Взгляд Рашида задержался на фотографии, установленной на фоне рабочего стола – десятилетняя Шелли и невысокий мужчина с добрыми глазами и седеющими висками стояли у полуразрушенного деревянного особняка, увитого плющом. Мужчина обнимал девочку за плечи, оба улыбались в камеру.
– Это твой отец? – поинтересовался Рашид.
– Дядя, – тон Шелли стал сдержаннее. – Дядя Уолтер. Это во Франции, недалеко от Лиона. Заброшенный особняк XVIII века.
Она не стала углубляться в подробности, что через два года после этого снимка дядя исчезнет в Турции при загадочных обстоятельствах, оставив в ее душе пустоту, которую она до сих пор не могла заполнить.
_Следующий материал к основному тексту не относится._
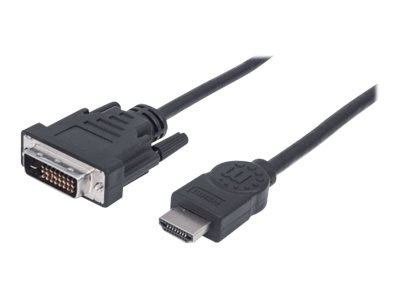 Manhattan HDMI to DVI-D 24+1 Cable, 1.8m, Male to Male, Black, Dual Link, Compatible with DVD-D, Lifetime Warranty, Polybag - Ka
Шелли захлопнула дверь своей квартиры на окраине Лондона – родительский подарок на окончание университета. Она сбросила туфли в прихожей. Сумка с фотоаппаратурой соскользнула на пол. Двухкомнатная квартира с высокими потолками и скрипучим паркетом – казалась одновременно и убежищем, и клеткой. По-настоящему своим она сделала лишь угол в гостиной, где установила стеллаж с книгами по фотографии и путеводителями по древним местам.
Она включила чайник, сняла пиджак, распустила волосы и открыла окно, впуская холодный вечерний воздух. На подоконнике стоял миниатюрный глиняный сосуд – единственный сувенир, который она привезла из поездок с дядей Уолтером. Шелли машинально провела пальцем по выпуклому узору, изображающему какое-то древнее божество.
«Это хеттский бог грозы, – объяснял дядя Уолтер, когда они нашли этот сосуд на турецком рынке. – Хранит путешественников от опасностей в дороге.»
Она помнила, как дядя торговался за него, а потом подарил ей, хотя сам был коллекционером. «Тебе он нужнее, Шелли-белли, – сказал он, используя ее детское прозвище. – Ты ведь настоящая путешественница.»
Теперь, одиннадцать лет спустя, этот сосуд был безмолвным напоминанием о человеке, бесследно исчезнувшем в странном отеле, когда они вместе случайно обнаружили его.
Накатила привычная грусть – не острая, как раньше, а тупая, словно старый шрам, который ноет к перемене погоды.